The forecast that keeps trending and repeating
Below, the solid line to the left of the divider is a series with an upward trend and a yearly season. To
the right, the Holt–Winters forecast continues both: the level keeps climbing at slope
b_t and the seasonal bumps keep repeating on top. Contrast this with SES,
which would have forecast a flat horizontal line from the last point.
This is the payoff of tracking three components: the forecast inherits the personality of the data — its
climb and its rhythm — instead of collapsing to a constant.
Additive vs multiplicative seasonality
Two flavours of season, and choosing right matters:
-
Additive: the seasonal swing is a roughly constant amount, the same
whether the level is high or low (e.g. "+500 units every December"). The forecast adds
s_{t+h-m}.
-
Multiplicative: the seasonal swing scales with the level — the peaks grow
as the series grows (e.g. "December is always +30%"). The season enters as a factor,
\hat{y}_{t+h} = (\ell_t + h b_t)\,s_{t+h-m}, and the level uses
y_t / s_{t-m}.
A quick diagnostic: plot the series. If the seasonal peaks-to-troughs stay the same height as the level
rises, go additive; if they fan out and grow with the level, go multiplicative. The
classic airline-passengers series is the textbook multiplicative case — its summer peaks balloon as air
travel booms.
Worked example: one level-and-trend step
Take Holt's method with \alpha = 0.5,
\beta = 0.3. Yesterday you held level
\ell_{t-1} = 100 and slope b_{t-1} = 4 (the series
was rising about 4 per period). Today's observation is y_t = 110.
-
Forecast level carried forward:
\ell_{t-1} + b_{t-1} = 100 + 4 = 104.
-
Update the level:
\ell_t = 0.5\times 110 + 0.5\times 104 = 55 + 52 = 107.
-
Observed change in level:
\ell_t - \ell_{t-1} = 107 - 100 = 7.
-
Update the slope:
b_t = 0.3\times 7 + 0.7\times 4 = 2.1 + 2.8 = 4.9.

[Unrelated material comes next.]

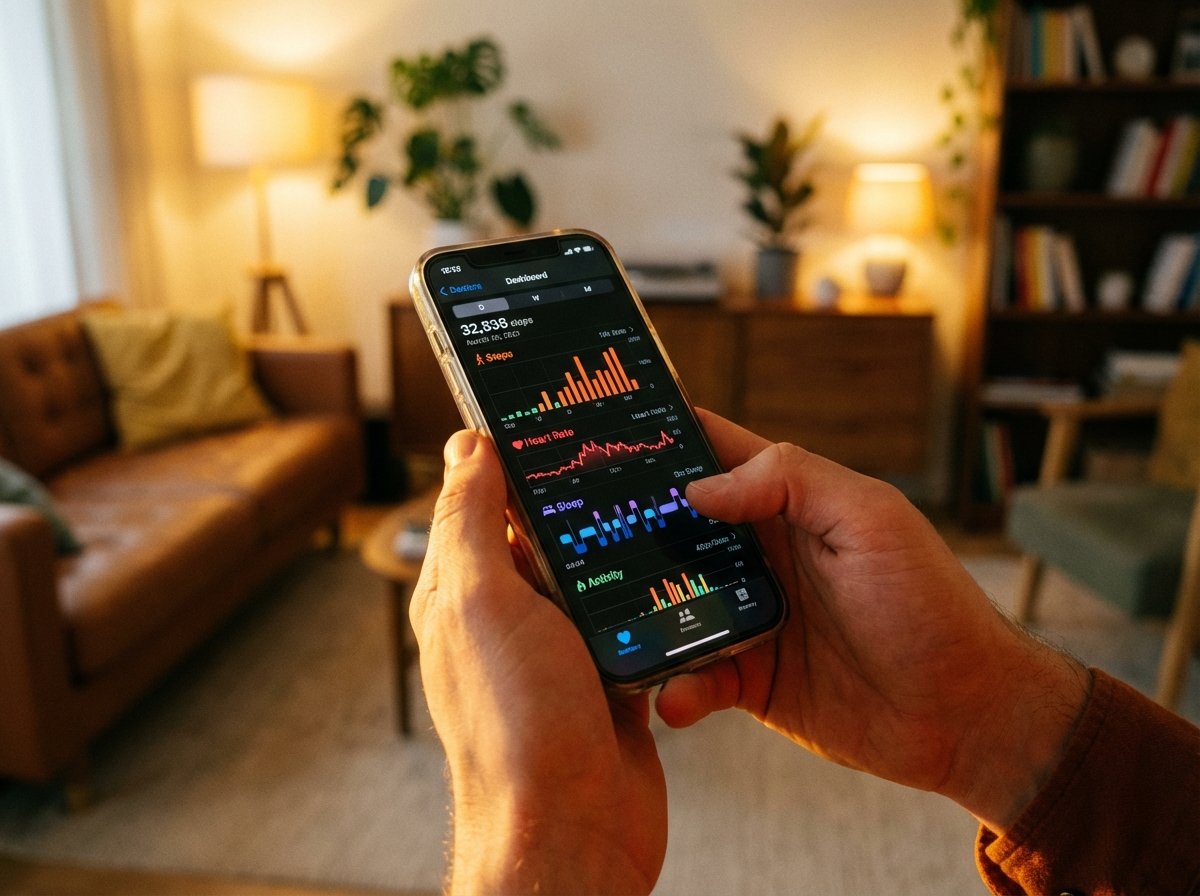 Close-up of a person's hands holding an iPhone showing a vibrant health dashboard with charts and graphs, warm indoor lighting, blurred background of a living room, 4:3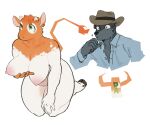  anthro areola bovid bovine breast_grab breasts canid canine canis cattle clothing cowboy_hat duo ear_piercing ear_ring female goon_(goonie_san) goonie-san hand_on_breast hat headgear headwear hi_res holding_breast male mammal musical_note nipples nude piercing wolf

So the level rose to 107 and the estimated slope steepened slightly to 4.9 — the observation came in
above the carried-forward forecast, so the method nudged both the level and its rate of climb upward. A
three-step-ahead forecast would then be
\hat{y}_{t+3} = 107 + 3\times 4.9 = 121.7 (plus a seasonal factor, if present).
Two classic traps. First, multiplicative seasonality divides by the seasonal factor and
scales by the level — it only makes sense for strictly positive data. Apply it to a series that
crosses or sits near zero (temperatures in °C, a net balance, a demeaned series) and you get division by
near-zero, exploding factors, and nonsense. For such data use the additive form, or transform to make it
positive.
Second, an undamped linear trend extrapolates forever. A slope estimated from a recent
growth spurt, projected 24 months out, can produce absurd forecasts — nothing grows in a straight line
indefinitely. The standard remedy is a damped trend: multiply the slope's contribution
by a damping factor \phi < 1 each step, so the forecast
\ell_t + (\phi + \phi^2 + \dots + \phi^h)\,b_t flattens to a horizontal
asymptote instead of running off to infinity. Damped Holt–Winters is often the safer default for
medium-horizon business forecasting.
Holt–Winters looks like a bag of clever update rules, but it is not ad hoc. Each of these methods is the
steady-state form of a
state-space
model whose hidden state stacks the level, the slope and the seasonal factors into one
vector, evolved by the Kalman
filter. This "innovations state-space" viewpoint (the ETS framework — Error, Trend, Season)
gives every Holt–Winters variant a likelihood, so you can estimate
(\alpha, \beta, \gamma) properly, compare models by
AIC, and produce
honest prediction intervals — turning a 1950s heuristic into a rigorous, automatable forecasting engine.
It is the same story as SES: engineering shortcut first, deep theory later.